## PROVIDED MATERIAL
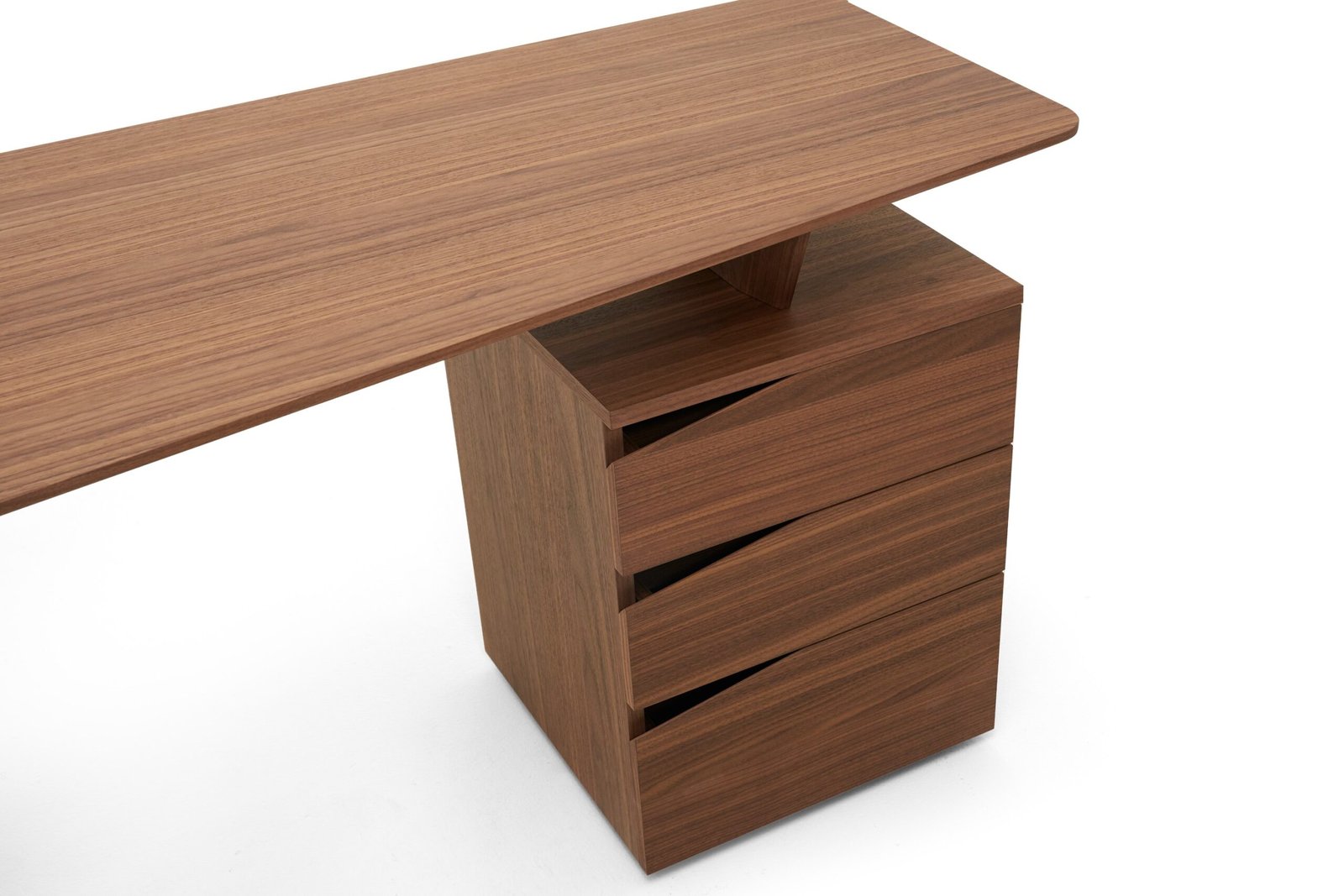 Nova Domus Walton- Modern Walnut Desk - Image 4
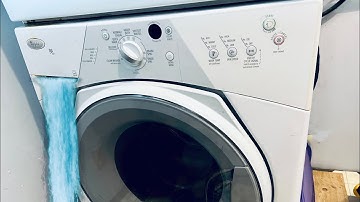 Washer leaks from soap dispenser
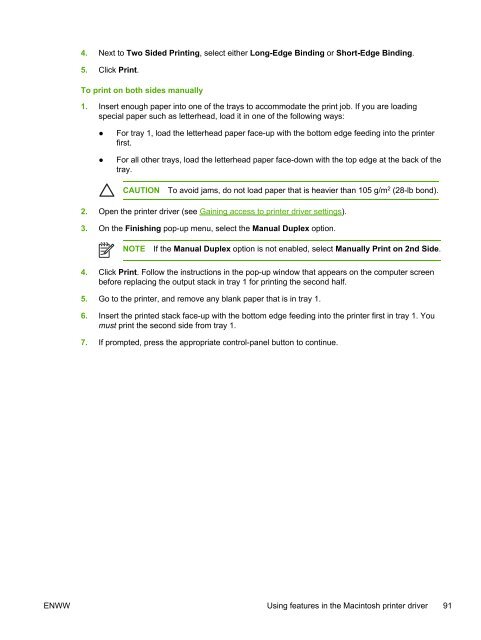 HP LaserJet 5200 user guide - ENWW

## AIM OF THE TASK
Retype the listing verbatim, minus every image.

## WORKED SOLUTION
 Nova Domus Walton- Modern Walnut Desk - Image 4
 Washer leaks from soap dispenser
 HP LaserJet 5200 user guide - ENWW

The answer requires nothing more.